The Animationframes for my attackmotion are from frame 100 to 130. Now I need the function which applies the damage to be activated only then when the Animationframes have reached approximately frame 15 (or “half” out of these 30 frames). This attackmotion also continously loops. The problem is I can’t find any function to check which animationframe is played, so how can I implement this?
Hmmm somehow I can’t add any event…it shows me the clips are “Read-Only”. Any way to solve that?
From the Animation Outline it looks like the duration is 2 seconds exactly and the specified time would be around 1 second. I tried a dirty hack with a “timer” which activates the necessary function after 1 second after the animation was started and then sets a boolean, but this seems much uglier…
Uh what? Why do I need to create a copy of the animation in order to read (and not write) a value? This doesn’t seem logical to me, because I don’t want to edit the animation, just execute a function that is approximately at half of the clip (it doesn’t even need to be exact). Isn’t there a way to read how much of the animation has already played without using an “AddEvent” ?
E.g. I also don’t want to “hard-animate” an event but be able to change the function on the fly via variables like e.g. 0.5 for doing the function at half of the clip or 0.3 for doing it at one third. I don’t think the AddEvent is the solution to this.
Adding an AnimationEvent modifies it (remember, it saves the animation again), which is only possible with assets created in unity, not assets controlled through the import pipeline that need to be possible to reimport and update at any time.
Ah, yes that’s a good point with being reimportable/updateable at any time. Therefore this “AddEvent” is not something I want in the first place. Meanwhile I checked:
print(animation.[“bla”].length); // 2.6667seconds
print(animation.[“bla”].time); // counts from 0.0 to infinite
Some values to work with. But why does it count from 0 to infinite and doesn’t reset to 0 again once it has reached the end of the animation?

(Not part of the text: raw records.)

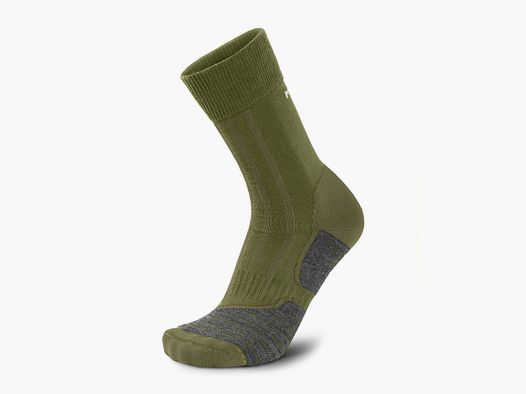 Meindl Trekking Socke MT2 Lady  Oliv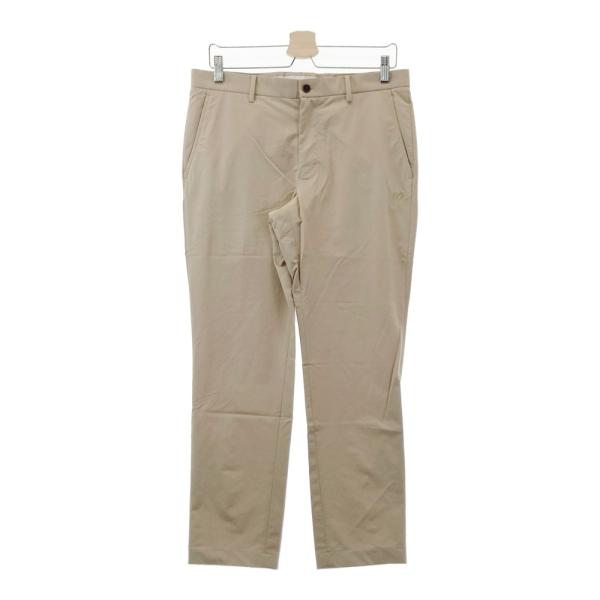 MASTER BUNNY EDITION ベージュパンツ1 未使用に近い MASTER BUNNY EDITION マスターバニーエディション パンツ ベージュ系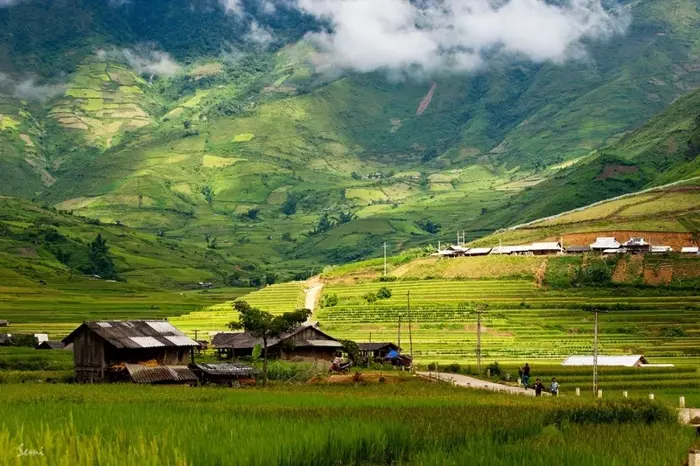 Tuyển tập phong cảnh miền bắc đẹp mắt và huyền bí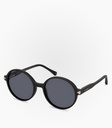 (S) Cloud Black Polarized Lens Color Cool Grey    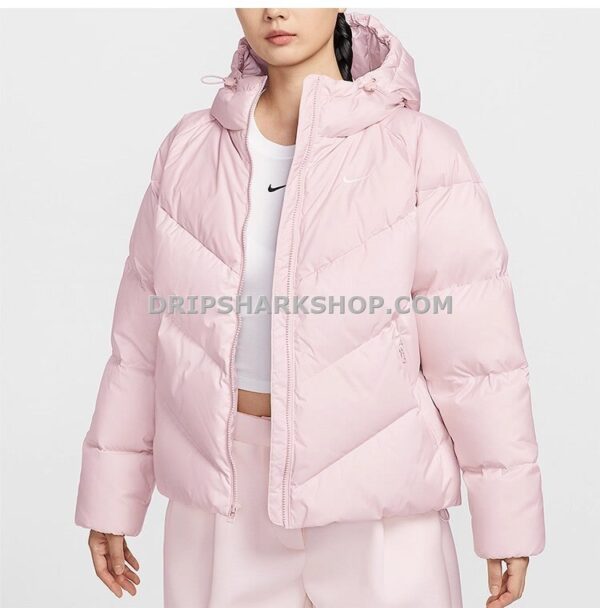 NIKE JACKET - Rosa
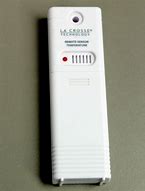 Image result for La Crosse Temperature Sensor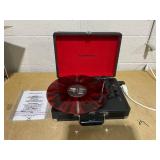 Crosley Cruiser Premier Vinyl Record Player with Speakers and Bluetooth Crosley Cruiser Premier Vinyl Record Player with Speakers and Bluetooth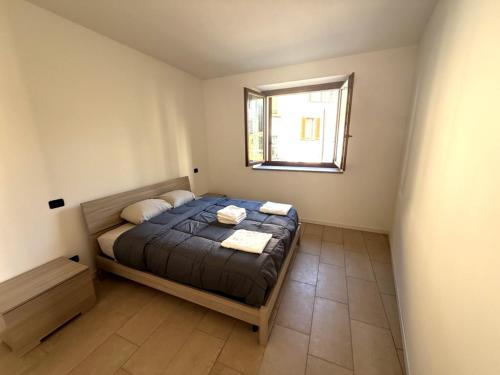 Casa ajolote in Cunardo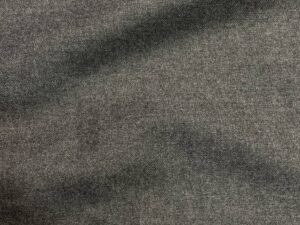 Középszürke gyapjú flanel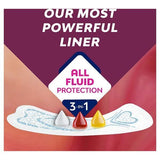 Bodyform Dailies All Fluid Normal Panty Liners 26 pack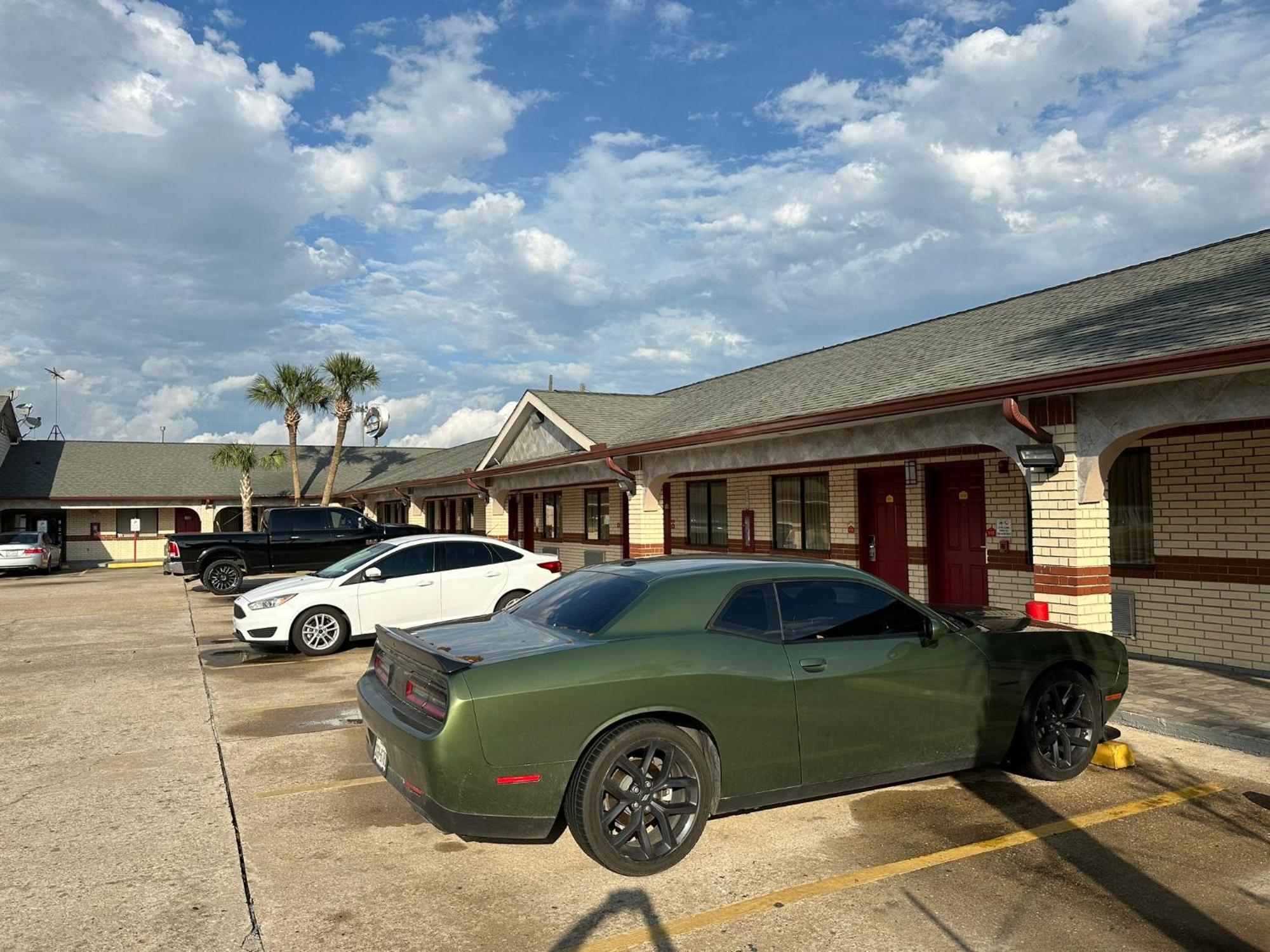 Palace Inn I-45 & Bellfort ฮูสตัน ภายนอก รูปภาพ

sounds like the animation is set to loop in which case the time will just go on and on and on as the animations goes on and on and on. The in-border time can be extracted through modulo
I guess the reason it doesn’t reset is that you get a discontinuity in the curve interpolation (non continous jump) which is something mathematical formulas hate like hell ![]()
Thanks, that helped me out. I still got one last question, because I have the bad feeling that this solution is “badly implemented” because it continuously assigns and calculates variables:
private var specifiedTime = 1.8;
var enable = 0;
function Update()
{
var modTime = animation["attack"].time % animation["attack"].length;
if(modTime >= specifiedTime enable == 0)
{
enable = 1;
print("hallo"); // or do function
}
if(modTime < specifiedTime)
{
enable = 0;
}
}
Is this really the only solution, or did I miss something essential here, a more “easy” or prfessional solution. I mean it works, but it looks like a dirty hack somehow with its 2 if-conditions and the variables “enable” and the “modTime” which are assigned each Update frame…?
I am also having a similar issue, I would like damage to be given to the player after the attacking animation has complete.
Is there any way to neatly do this without animation events? I have a lot of NPCs with a lot of animations, it seems dirty to have to duplicate all the animations just to add events.
Any advice would be great!
I guess its going to have to be done the ugly way.
Doing something like this by script like marctro insists on would indeed not be a very pretty setup.
Timing something with the animation really should be something the artist does while viewing the animation - which is the point of animation events. We’re aware that duplicating the source animation in order to add animation events is not idea and we are working on handling this in the background. No promises on release dates.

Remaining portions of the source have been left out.